Security researchers have warned that tools capable of automatically discovering vulnerabilities could both speed up defensive security work and enable malicious hacking if misused.
Mythos first surfaced online in March after draft materials about the system leaked, showing what Anthropic described as its most capable AI model yet. In testing, the system reportedly identified thousands of previously unknown software vulnerabilities, including zero-day flaws across major operating systems and web browsers.
Anthropic researchers said in a report earlier this week that Mythos Preview’s vulnerability-discovery capabilities were not intentionally trained. Instead, they said the capabilities emerged from broader improvements in the model’s coding, reasoning, and autonomy.

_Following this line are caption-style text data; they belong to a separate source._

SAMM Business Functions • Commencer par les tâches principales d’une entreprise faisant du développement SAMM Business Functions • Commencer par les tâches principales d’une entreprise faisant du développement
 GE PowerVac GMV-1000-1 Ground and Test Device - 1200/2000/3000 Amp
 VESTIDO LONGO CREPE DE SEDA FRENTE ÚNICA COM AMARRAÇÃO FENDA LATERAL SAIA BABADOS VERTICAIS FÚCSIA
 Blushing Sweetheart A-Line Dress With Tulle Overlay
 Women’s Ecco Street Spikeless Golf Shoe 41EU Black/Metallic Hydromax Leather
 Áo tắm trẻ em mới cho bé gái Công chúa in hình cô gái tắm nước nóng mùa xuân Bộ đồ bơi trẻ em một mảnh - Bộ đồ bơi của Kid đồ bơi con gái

“The same improvements that make the model substantially more effective at patching vulnerabilities also make it substantially more effective at exploiting them,” the firm wrote.
Because of those capabilities, Anthropic has restricted access to a small group of cybersecurity organizations. In a statement, the company said it is being deliberate about how it releases the model and that it is working with a small group of early access customers to test it.
“Given the strength of its capabilities, we’re being deliberate about how we release it,” Anthropic said. “As is standard practice across the industry, we’re working with a small group of early access customers to test the model. We consider this model a step change and the most capable we’ve built to date.”
To address the risk, Anthropic said it is testing Mythos through Project Glasswing, a collaboration with major technology and cybersecurity companies. The effort uses the model to identify and patch vulnerabilities in critical software before attackers can exploit them.
“Project Glasswing is a starting point. No one organization can solve these cybersecurity problems alone,” the company said. “Frontier AI developers, other software companies, security researchers, open-source maintainers, and governments across the world all have essential roles to play.”
Anthropic did not immediately respond to Decrypt’s request for comment.